=== PROBLEM REQUIREMENTS ===
Exact copy, no pictures: reproduce the lines from the one that holds "Damenkleid Hohltaille Plissee" through the end of the entries.

=== DATA ===
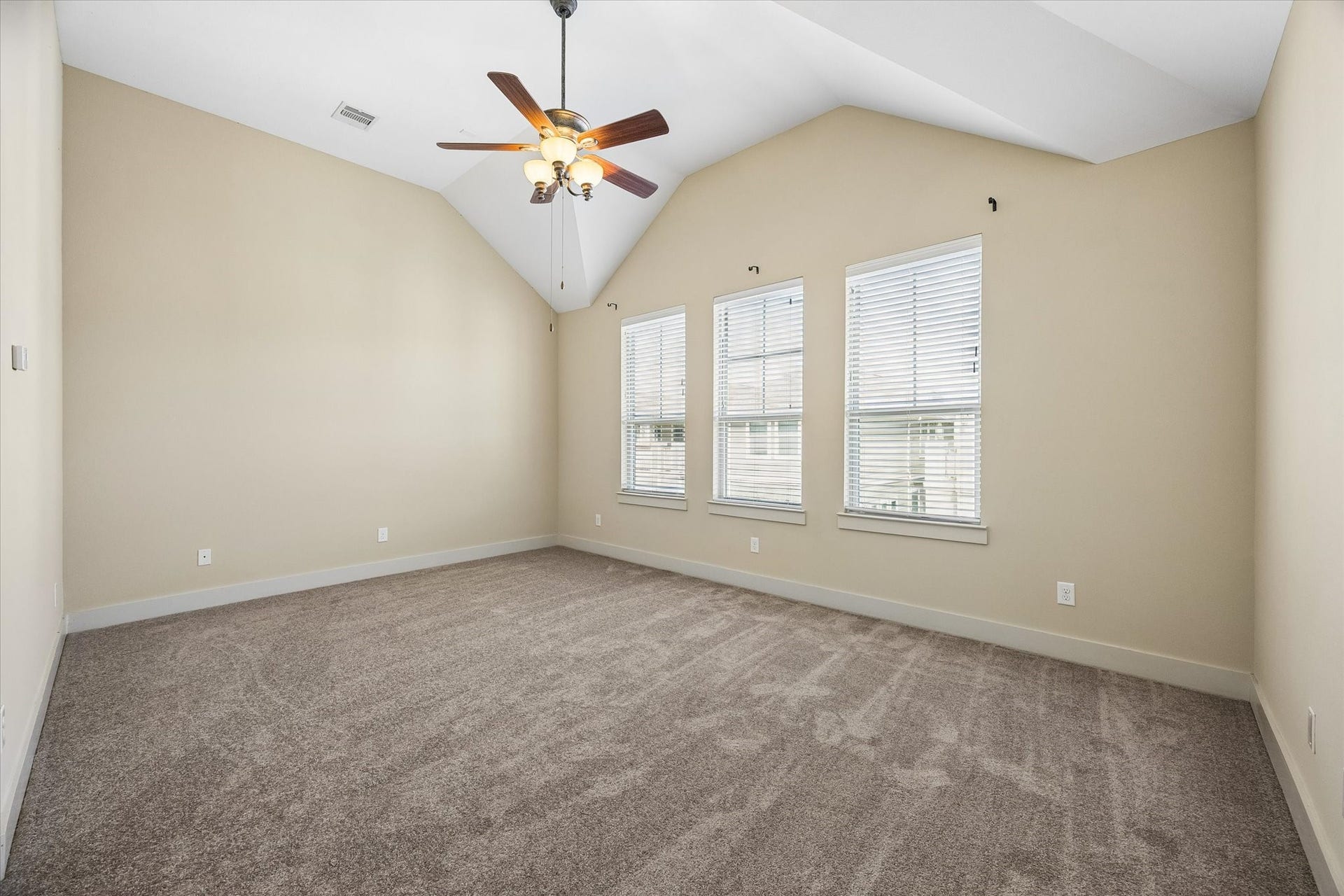 1209 Nelson Falls Lane, Houston, TX 77008 Primary Bedroom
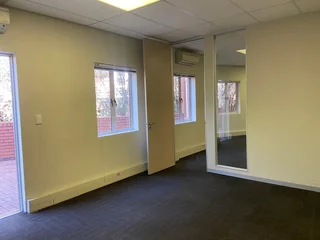 224 sqm Office To Let in Fourways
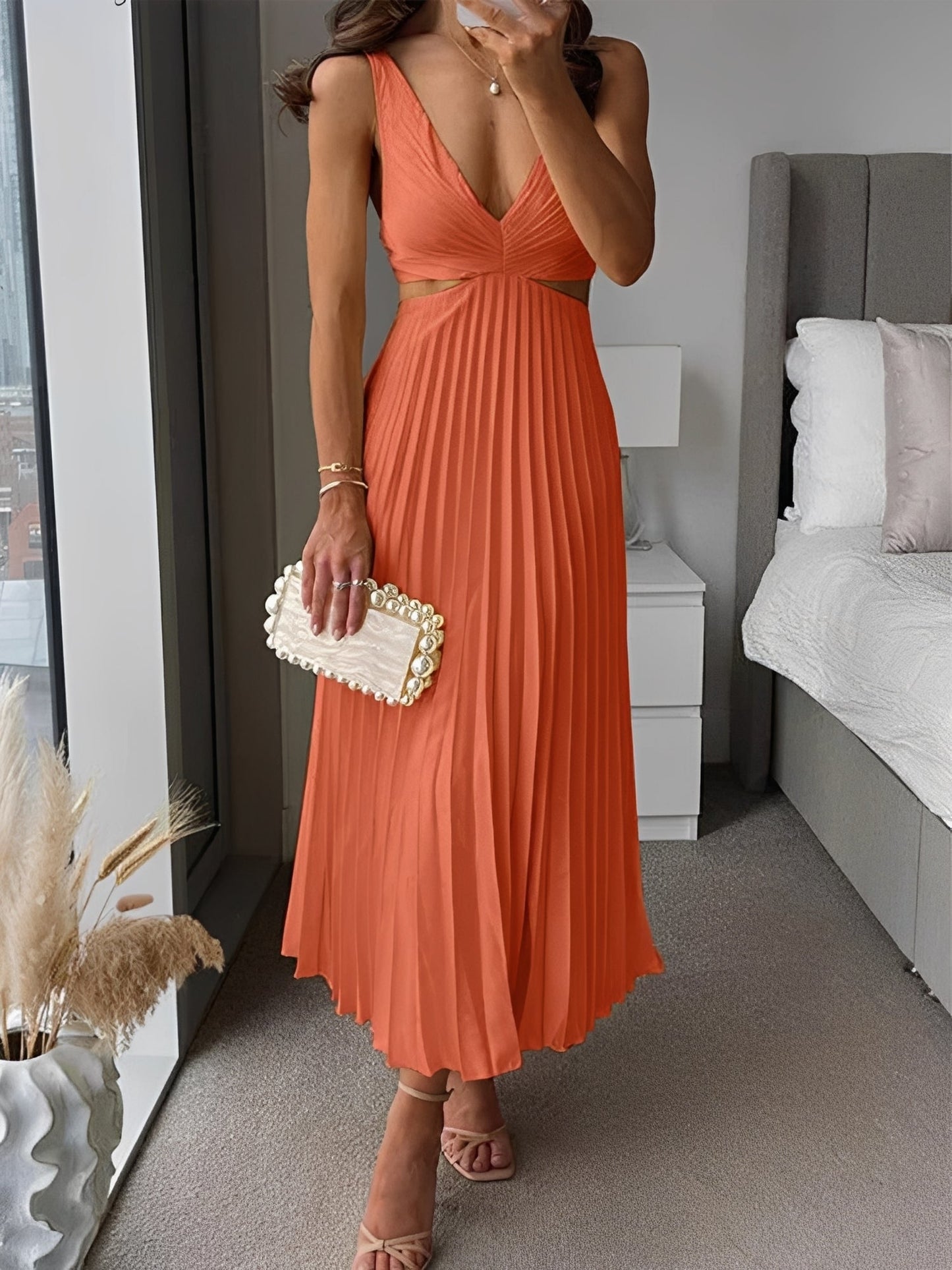Damenkleid Hohltaille Plissee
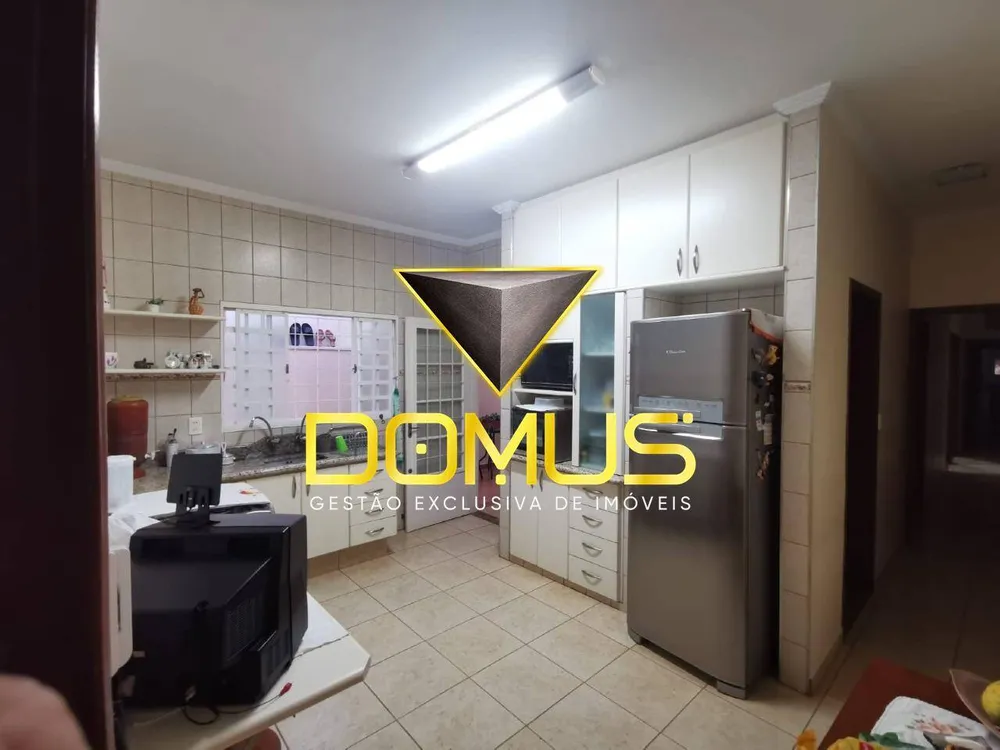 Casa, 3 quartos, 202 m² - Foto 7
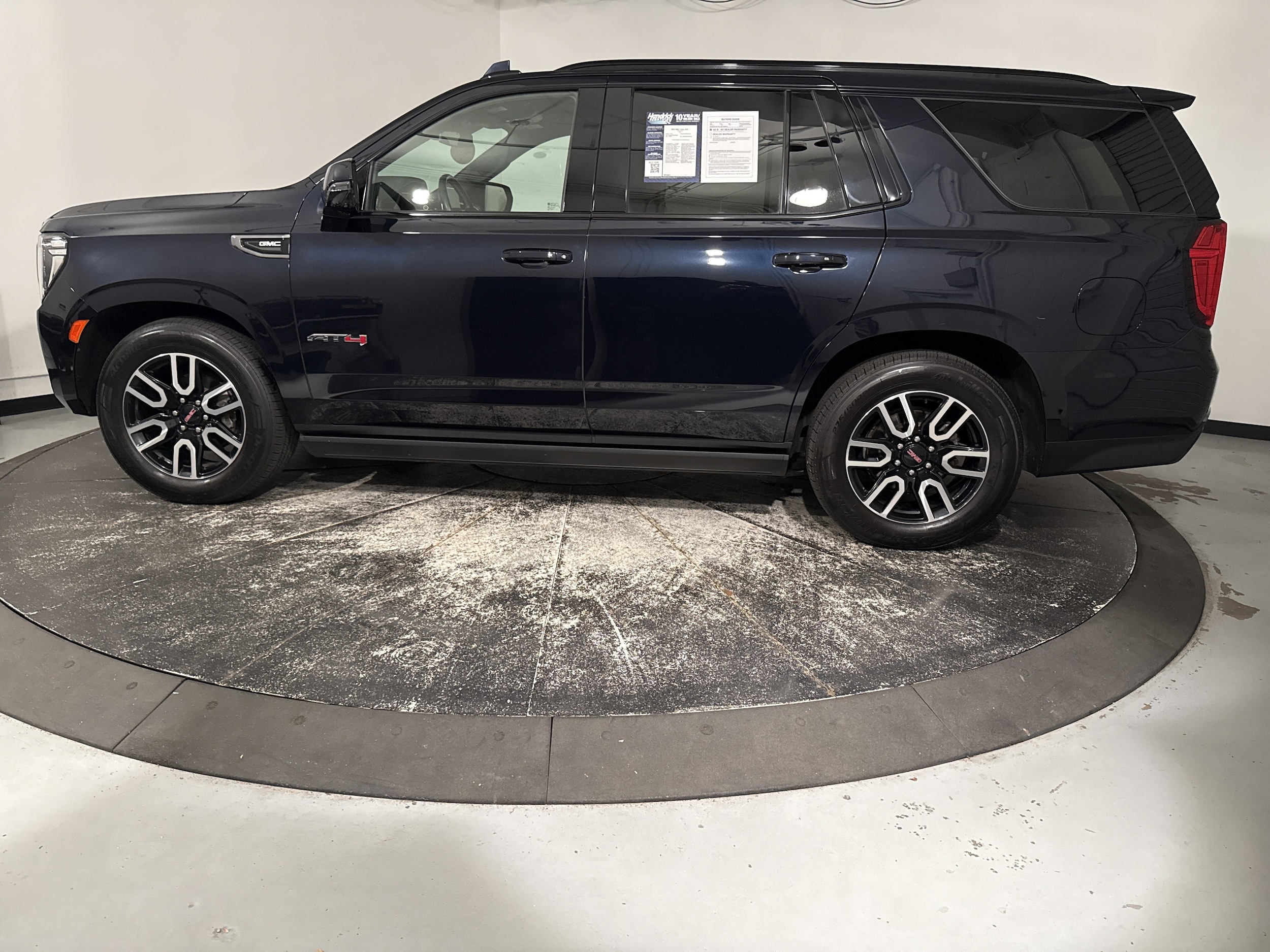 2023 GMC Yukon AT4 photo 5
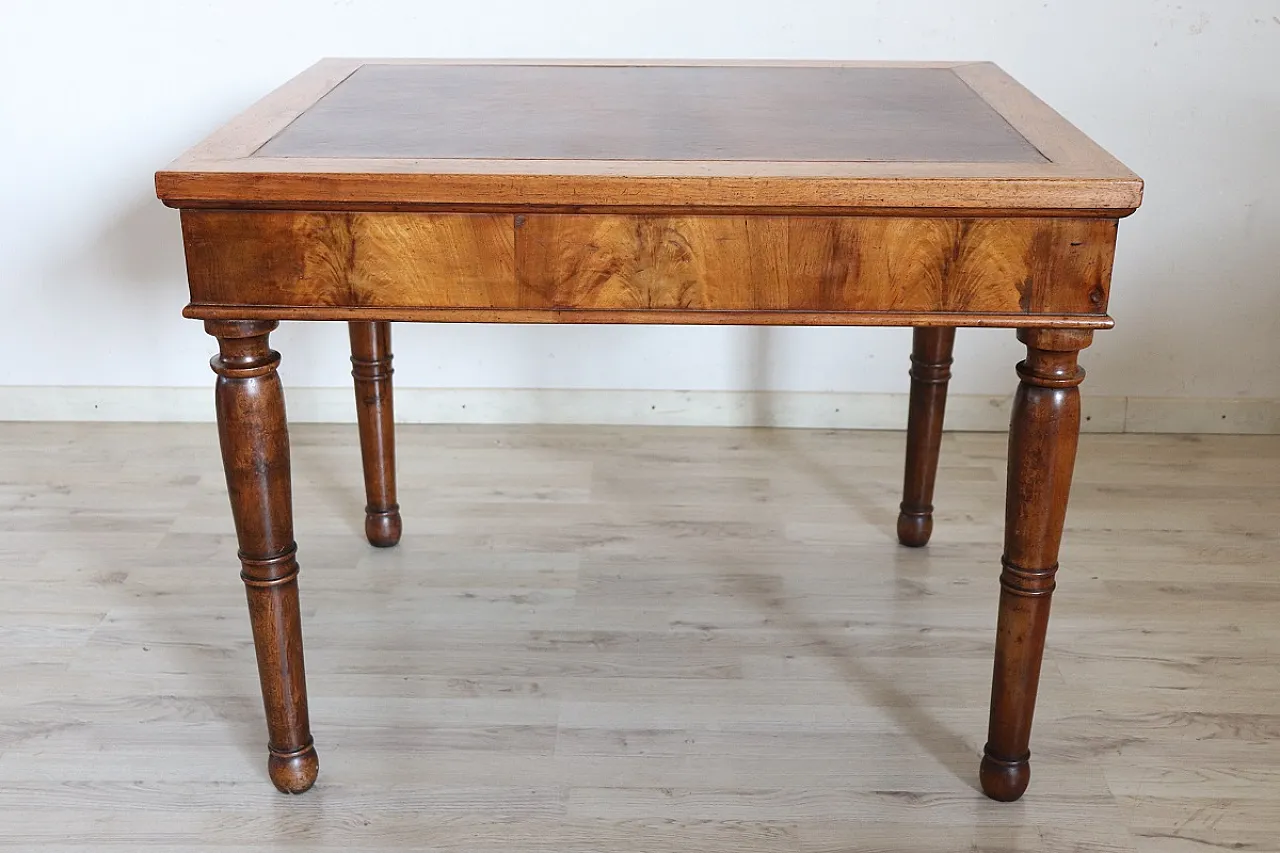 Walnut desk, 19th century 10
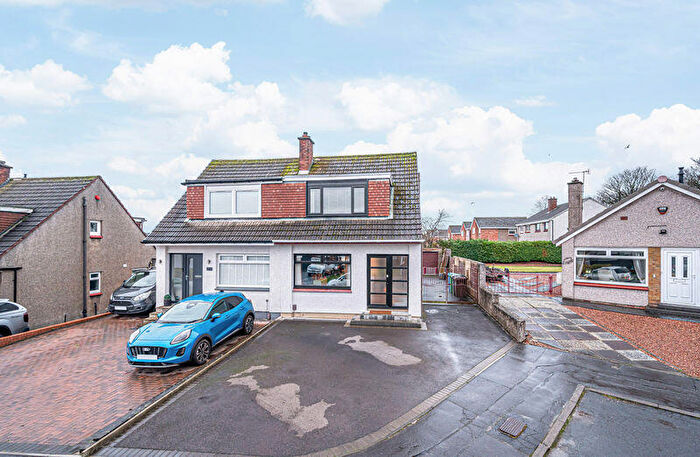 3 Bedroom Semi-detached Villa For Sale In Kilspindie Crescent, Kirkcaldy, KY2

=== TASK RESULT ===
Damenkleid Hohltaille Plissee
 Casa, 3 quartos, 202 m² - Foto 7
 2023 GMC Yukon AT4 photo 5
 Walnut desk, 19th century 10
 3 Bedroom Semi-detached Villa For Sale In Kilspindie Crescent, Kirkcaldy, KY2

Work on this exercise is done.